■ **Activity**
Verbatim output, no pictures: the lines from the beginning of the material through the line with "15 - Grey Junglefowl", both ends kept.

- - - - - - -

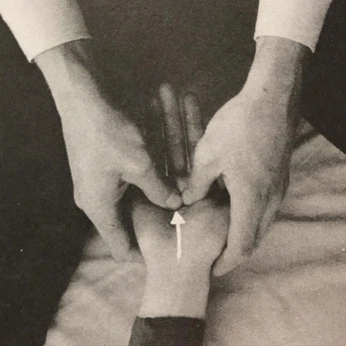 A cover of "marta" cluster. The owner is eliapezteguia. The cluster consists of 6 elements.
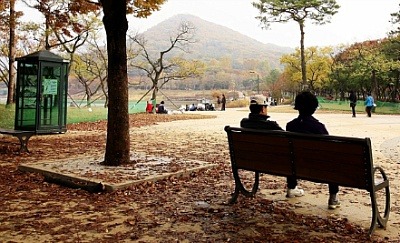 하인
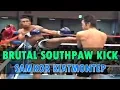 Download Lagu Samkor's Brutal Left Kick | Muay Thai Mastery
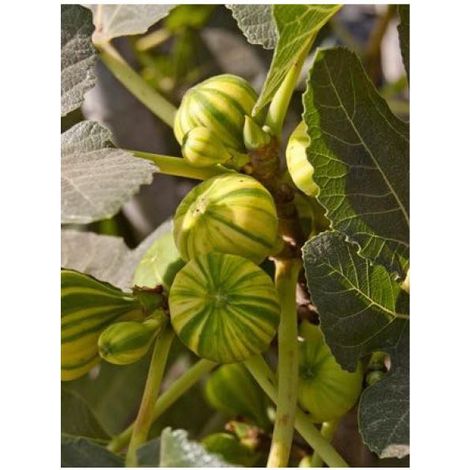 Figuier 'Panaché' Pot de 7,5L/10L, 1/4 de tige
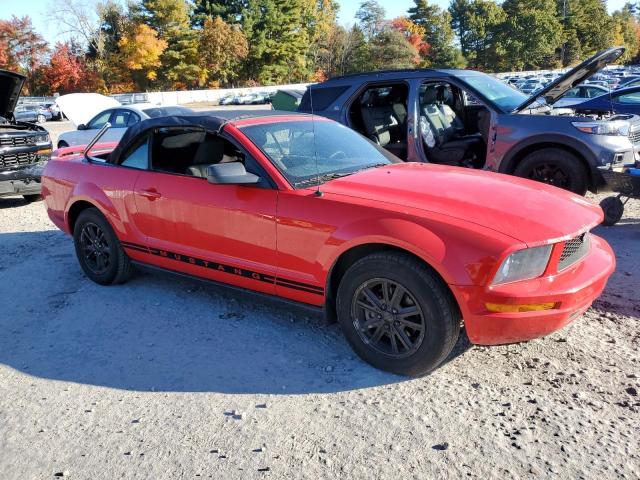 Photo 3 VIN: 1ZVFT84N765109313 - FORD MUSTANG 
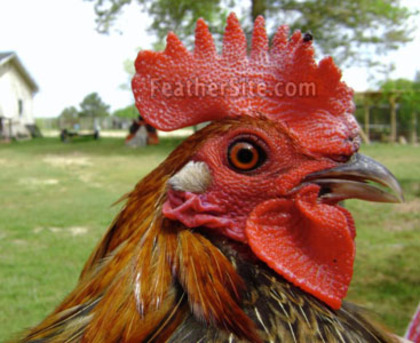 15 - Grey Junglefowl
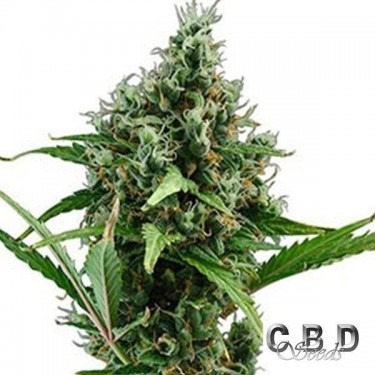 Planta de maconha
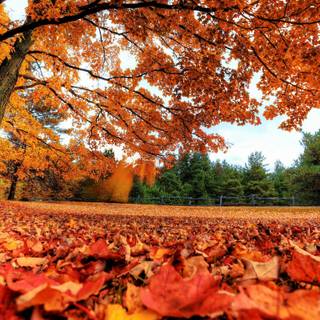 Autumn vibes laptop wallpaper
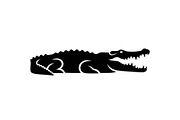 Crocodile Alligator Vector Bundle, an Illustration by jahid234 (Thumbnail 18 of 51)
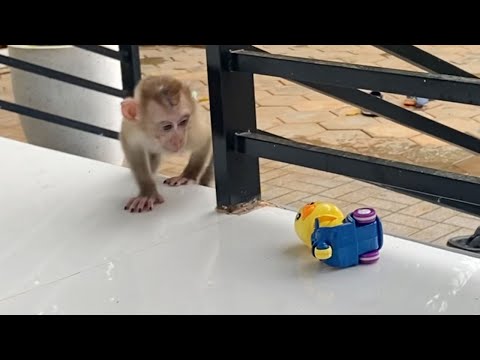 Cute Baby Boy Play in front of the house Look is very happy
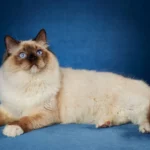 kucing Ragdoll: Dari Hutan Afrika ke Sofa Anda: Evolusi Kucing Domestik dari Liar ke Peliharaan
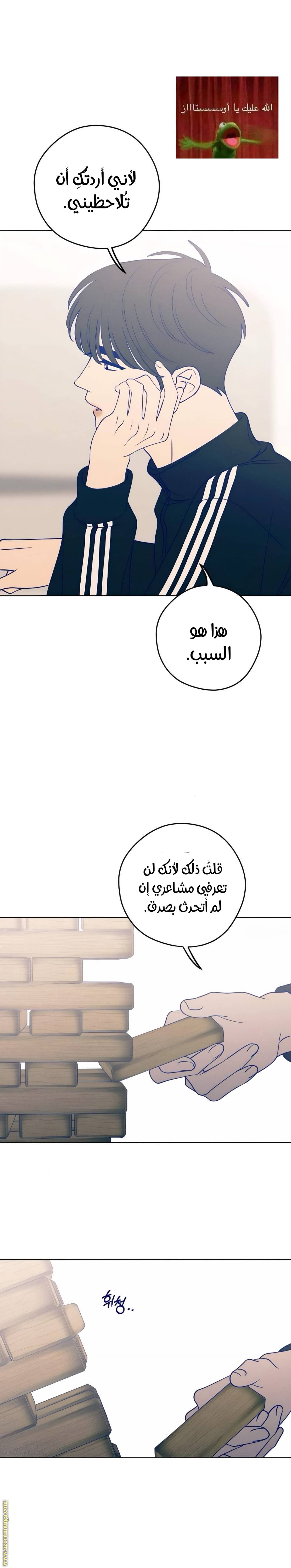 الصفحة 19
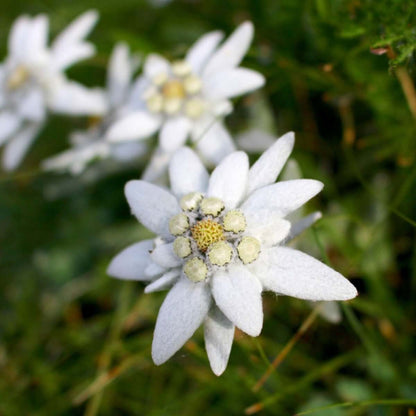 Edelweiss Seeds - Heirloom Flower Plant for Home Gardens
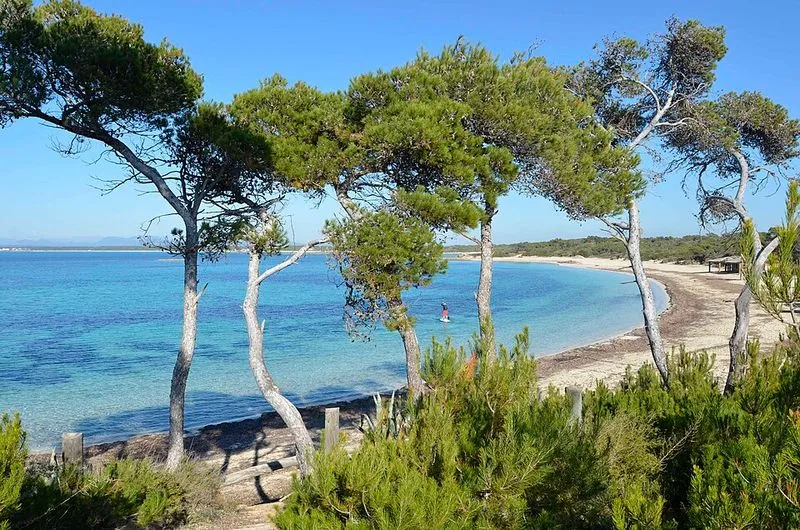 Playa Ses Estanques en Campos, Islas Baleares — foto 4 de 4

- - - - - - -

■ **Result of this exercise**
 A cover of "marta" cluster. The owner is eliapezteguia. The cluster consists of 6 elements.
 하인
 Download Lagu Samkor's Brutal Left Kick | Muay Thai Mastery
 Figuier 'Panaché' Pot de 7,5L/10L, 1/4 de tige
 Photo 3 VIN: 1ZVFT84N765109313 - FORD MUSTANG 
 15 - Grey Junglefowl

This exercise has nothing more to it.